## Data section

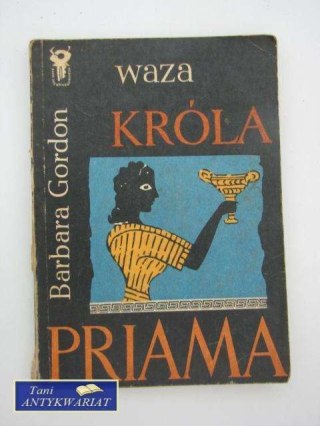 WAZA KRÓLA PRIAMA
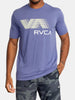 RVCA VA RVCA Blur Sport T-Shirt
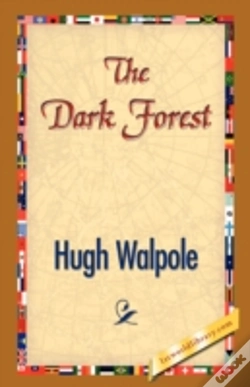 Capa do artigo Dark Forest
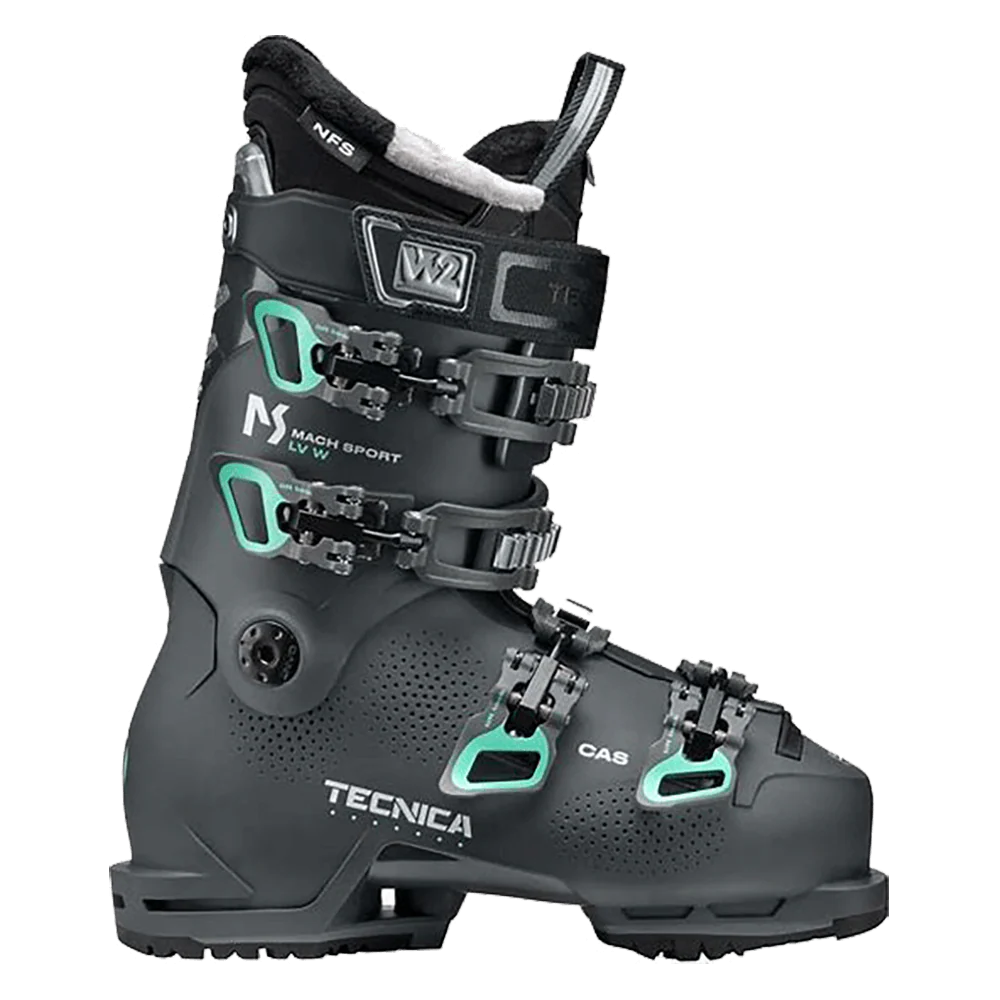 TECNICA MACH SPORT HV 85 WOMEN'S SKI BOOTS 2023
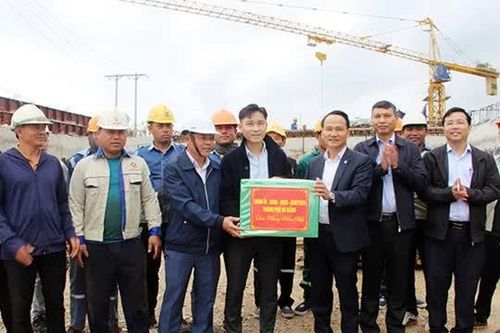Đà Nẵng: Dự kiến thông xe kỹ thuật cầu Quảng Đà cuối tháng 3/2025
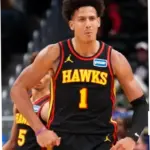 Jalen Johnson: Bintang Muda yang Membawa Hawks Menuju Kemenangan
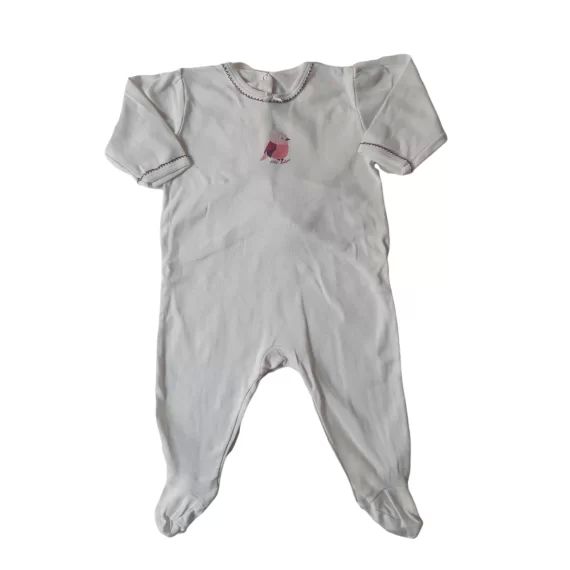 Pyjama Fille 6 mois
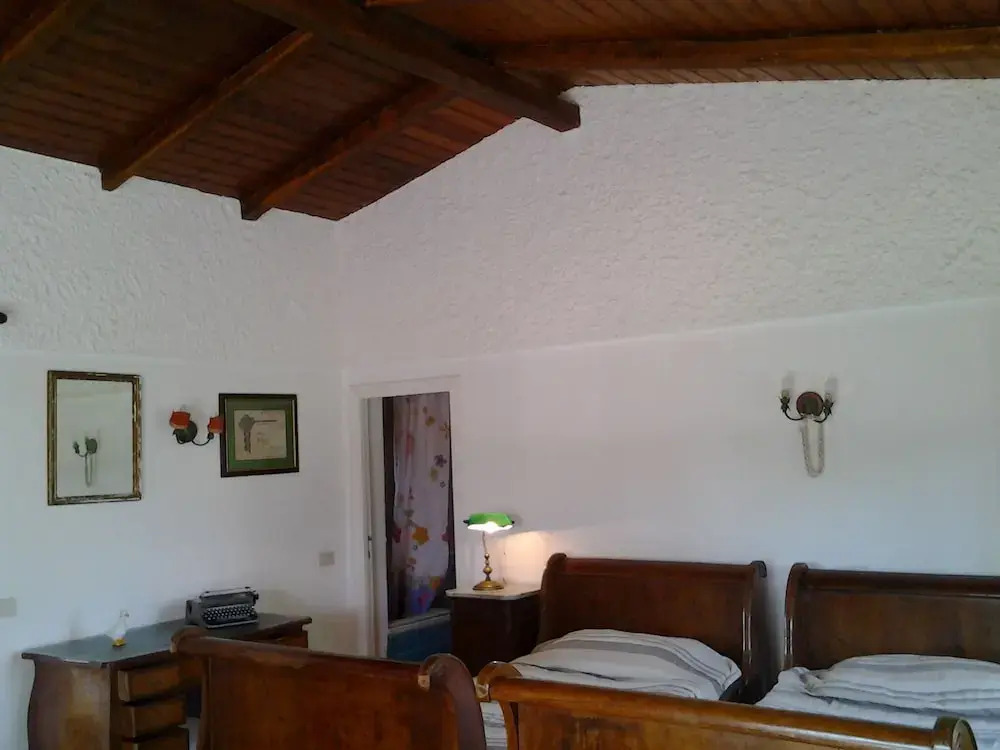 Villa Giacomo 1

--

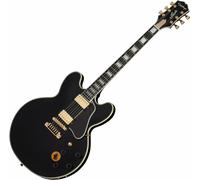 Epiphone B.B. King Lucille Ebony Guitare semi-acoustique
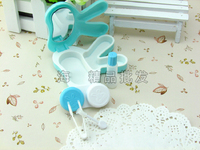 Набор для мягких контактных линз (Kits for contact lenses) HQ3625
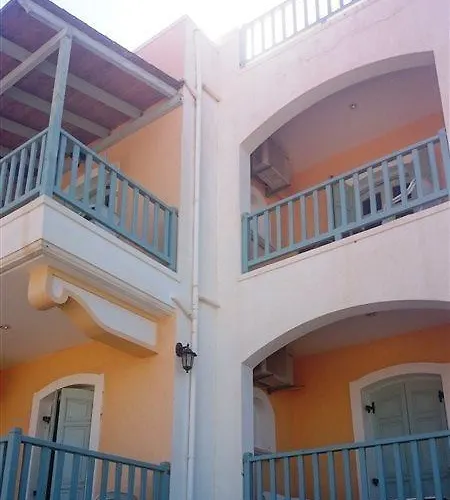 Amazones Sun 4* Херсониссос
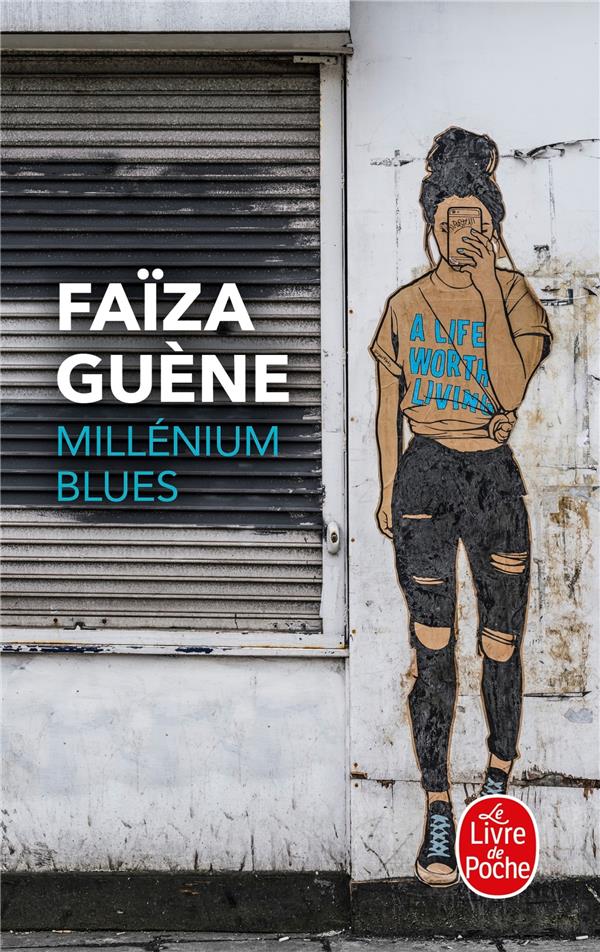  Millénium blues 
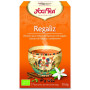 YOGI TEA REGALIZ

## What to produce
No picture is to be printed. Output exactly the lines above from the line containing "WAZA KRÓLA PRIAMA" through the line containing "Villa Giacomo 1".

## Exercise response
 WAZA KRÓLA PRIAMA
 RVCA VA RVCA Blur Sport T-Shirt
 Capa do artigo Dark Forest
 TECNICA MACH SPORT HV 85 WOMEN'S SKI BOOTS 2023
Đà Nẵng: Dự kiến thông xe kỹ thuật cầu Quảng Đà cuối tháng 3/2025
 Jalen Johnson: Bintang Muda yang Membawa Hawks Menuju Kemenangan
 Pyjama Fille 6 mois
 Villa Giacomo 1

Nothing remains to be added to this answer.